Le ragioni sono molte. La dinamica della produzione tende sempre più a staccarsi da quella dell’occupazione. La creazione di valore è sempre più affidata alle dimensioni finanziarie e a quelle che derivano dalla moltiplicazione dell’informazione. La produzione dei redditi è sempre di più all’origine dell’allargamento delle disuguaglianze con una fascia di persone che rischia non solo la povertà, ma anche l’isolamento e l’emarginazione.
Non è ancora possibile verificare se i posti di lavoro che la rivoluzione tecnologica saprà produrre potranno compensare, anche solo a livello numerico, la perdita di occupazione che inevitabilmente i nuovi processi produttivi porteranno con la loro applicazione. Già ora le analisi sociali mettono in luce come sia praticamente tramontato il vecchio modello fordista-taylorista dell’occupazione e come, anche grazie all’impegno dei sindacati, si sia trasformato il lavoro nelle fabbriche. E insieme a questo c’è l’affermarsi di nuove forme, magari precarie, individuali e frammentate, che sfuggono ai tradizionali paradigmi. Senza dimenticare quel vasto campo del lavoro non retribuito in senso monetario, un lavoro che va dall’impegno domestico al volontariato nel suo più ampio spettro.

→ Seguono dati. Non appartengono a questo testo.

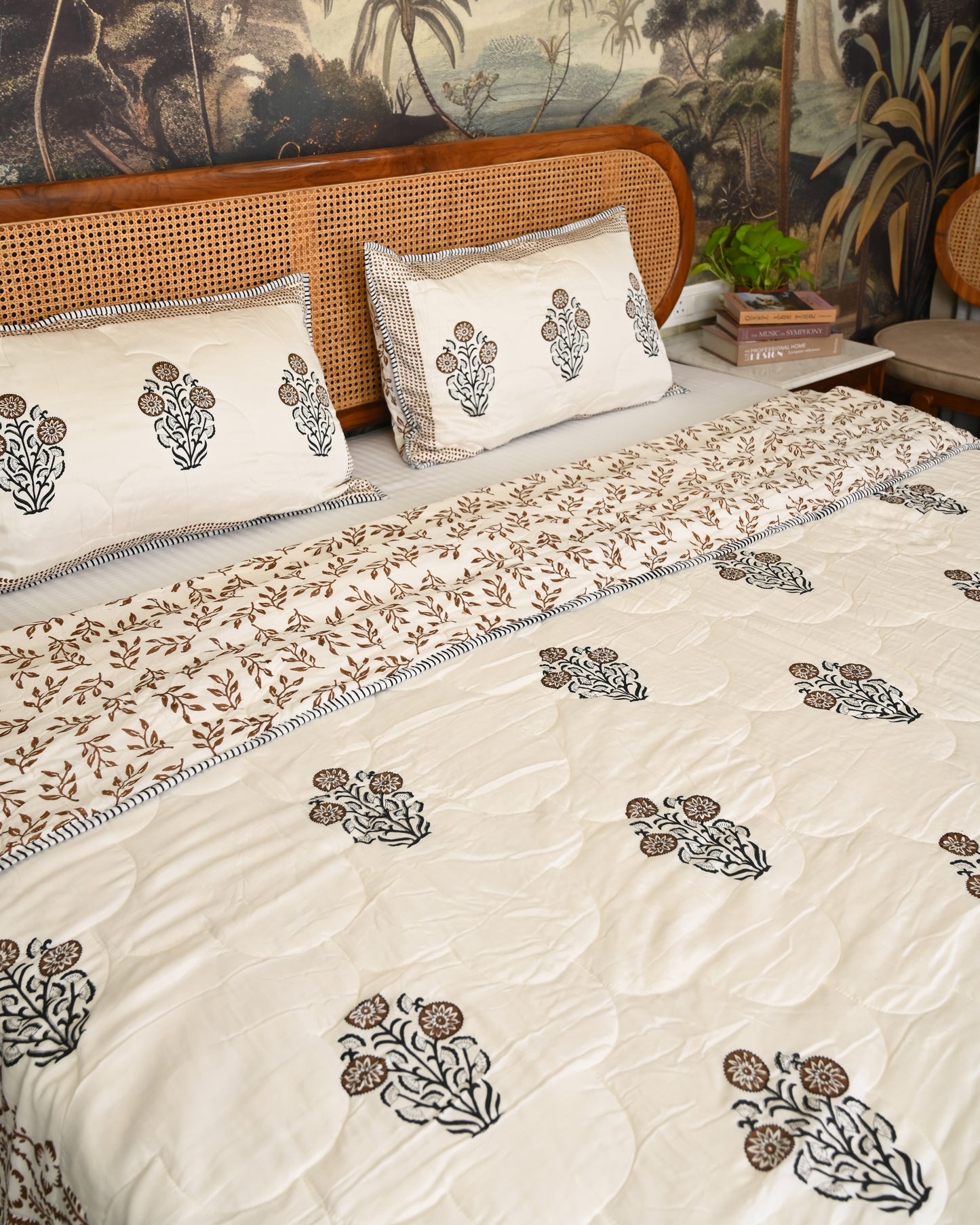 Bela Hand Block Printed Quilted Bedcover Set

“Non tutto il lavoro è occupazione” ricorda nel suo ultimo libro Rosangela Lodigiani (“Lavoratori e cittadini”, Ed. Vita e pensiero, pagg. 134) mettendo in luce come sia non solo utile, ma indispensabile non ridurre il lavoro a una merce, con un valore espresso essenzialmente dal prezzo, ma valorizzare anche le forme di lavoro non di mercato, forme che “lungi dall’essere residuali, sono ancora oggi parti essenziali, sostanziali e persino in crescita del funzionamento della società”. Siamo quindi di fronte all’opportunità “di sviluppare garanzie e protezione per quelle molteplici attività che hanno un riconosciuto valore sociale e che rappresentano dei beni di interesse collettivo in quanto promuovono l’integrazione sociale”.
C’è in questo richiamo la volontà di uscire da quella visione di un lavoro capace di garantire dignità alle persone solo in misura proporzionale al reddito che garantisce. Una visione che almeno in parte è inserita anche nell’ipotesi di reddito di cittadinanza, un’ipotesi apprezzabile per la volontà di sostenere chi fatica a trovare un impiego, ma che appare difficile allargare a un progetto di partecipazione estesa al più vasto ambito dell’impegno sociale. Il rischio, anche in questo caso, può essere infatti quello di veder protagonista la logica centralistica e burocratica rispetto alla necessità di valorizzare i corpi intermedi, le realtà locali, le più varie dimensioni della sussidiarietà.